Manually trigger the database security scanner anywhere inside your PHP controllers or custom scripts:

<?php

use DbStressmit\Stressmit;

// Run static query heuristic analyzer
$result = Stressmit::analyze("SELECT * FROM products WHERE price > ?", [50000]);

print_r($result);

🔒 Performance & Production Safety

We understand that performance is everything.

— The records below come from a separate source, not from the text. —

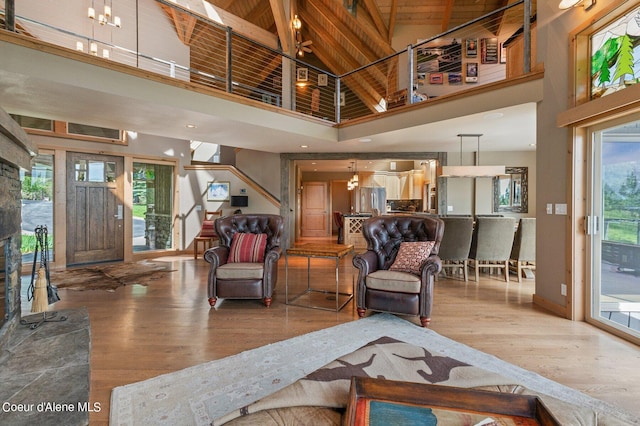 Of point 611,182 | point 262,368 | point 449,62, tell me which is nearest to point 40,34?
point 262,368

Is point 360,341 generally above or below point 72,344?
below

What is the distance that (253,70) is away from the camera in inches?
370

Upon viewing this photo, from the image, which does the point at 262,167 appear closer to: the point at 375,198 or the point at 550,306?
the point at 375,198

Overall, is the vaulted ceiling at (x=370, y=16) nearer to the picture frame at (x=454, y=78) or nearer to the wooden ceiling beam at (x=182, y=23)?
the wooden ceiling beam at (x=182, y=23)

The automated query sniffer listener (DB::listen) is strictly wrapped under environment isolation checks:

if (app()->environment('local')) {
    // Only runs here!
}

This ensures your live production database speed remains untouched, fast, and completely secure.

🤝 Contributing

Contributions, bug reports, and database tuning feature requests are welcome!

1. Fork the Repository.
2. Create your Feature Branch (git checkout -b feature/AmazingFeature).
3. Commit your Changes (git commit -m 'Add some AmazingFeature').
4. Push to the Branch (git push origin feature/AmazingFeature).
5. Open a Pull Request.

💖 Support the Project

If you find this package useful, please consider giving it a Star ⭐ to help other developers discover it!

Developed with ❤️ by Warnadi Nadi (warnadi2006@gmail.com).

📄 License

This database stress-testing framework is open-sourced software licensed under the MIT license.